Every marketer dreams of having their content seen by the right people—but visibility doesn’t happen by accident. Before your brand can spark engagement, build loyalty, or drive sales, it needs to reach real humans who actually notice it. That’s where reach comes in.
Whether you’re running a paid ad campaign, managing a social media account, or analyzing media performance, you need to know how many unique people have seen your content at least once. In marketing, reach plays a leading role in determining brand visibility and audience exposure, especially in regard to advertising campaigns.
Learn more about what reach is, how to measure it, and what you can do to expand it.
What is reach in marketing?
Reach is a marketing metric that indicates the total number or percentage of unique people exposed, at least once, to an advertisement or piece of content in a given period. Other metrics—like click-through or bounce rates—track engagement, while reach only tracks exposure.
By quantifying the number of unique people exposed to your brand and content, reach can give you a sense of how visible your brand is to your potential customers. Thanks to the algorithms that both traditional and social media sites employ, your reach can extend far beyond your list of customers or followers. Your brand’s content can end up on someone’s Instagram Explore page or TikTok For You page simply because it corresponds to that user’s interests.
A common benchmark for whether reach is effective is “3+” reach, which refers to the number or percentage of unique people and unique viewers who have seen an advertisement or piece of content at least three times. The understanding is that those who have been exposed to your content at least three times are most likely to be impacted by it without being overwhelmed.
There’s no single benchmark for “good” reach. What’s considered strong depends on your industry, audience size, and campaign goals. Instead of chasing a universal number, compare reach to your past performance and expectations for the campaign type (e.g., broad for awareness, narrower for retargeting) to see whether you’re truly expanding your audience.
Reach vs.impressions
Reach and impressions tell slightly different stories about how your content performs. Put simply, reach counts people, whereas impressions count views.
Reach focuses on the number of people who saw your post or ad at least once. The goal is to expose your content to as many members of your target audience as possible. Impressions, on the other hand, measure how many times your content was displayed, even if it’s to the same user multiple times. Understanding how impressions measure exposure versus how reach measures audience size helps marketers fine-tune their strategies to strike the right balance between visibility and frequency.

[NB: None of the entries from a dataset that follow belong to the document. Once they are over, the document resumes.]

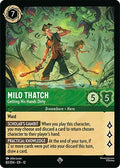 Milo Thatch - Getting His Hands Dirty (82/204) - Wilds Unknown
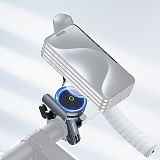 Baseus BS-CM037 PrimeTrip Bicycle Series Magnetic Bike Phone Holder N52 Magnet Screw Lock Suitable For 20mm-35mm Handlebar Size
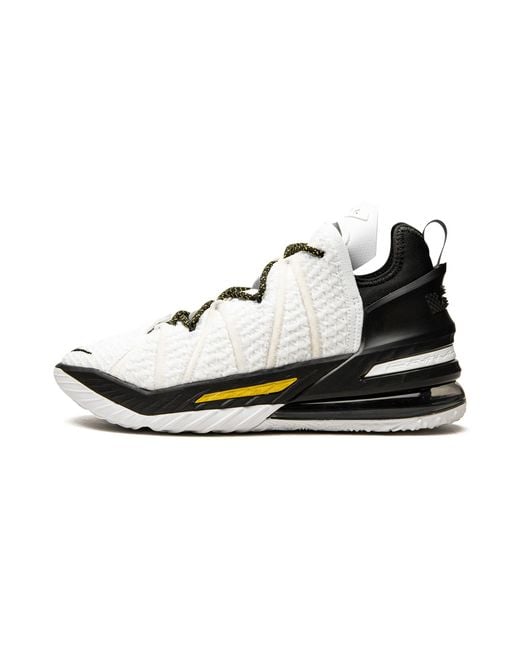 Nike Black Lebron 18 "Lakers Home" Cq9283 100" for men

If your digital marketing campaign has a reach of 10,000 and a total number of impressions of 30,000, that means each person saw your content an average of three times. Generally, if impressions are more than three to five times higher than reach without a clear lift in engagement or conversions, it may signal oversaturation and ad fatigue among your customer base.
How to measure and use marketing reach
To measure reach, you simply count the number of people who are seeing your content for the first time.
Many tools—like Shopify’s Analytics dashboard—can calculate reach for you. You can also calculate reach by dividing the total number of impressions by how many times, on average, each person in your target audience saw the content.
Reach = (Number of impressions) / (Average frequency)
Once you know your reach, you can use it to understand your marketing efforts better. Here’s how you can use this key metric:
- Compare reach against impressions. If impressions are much higher than reach—think three to five times more—it means the same users are seeing your content multiple times. Tracking both metrics helps you understand whether your message is spreading widely or being concentrated among repeat viewers within your target audience.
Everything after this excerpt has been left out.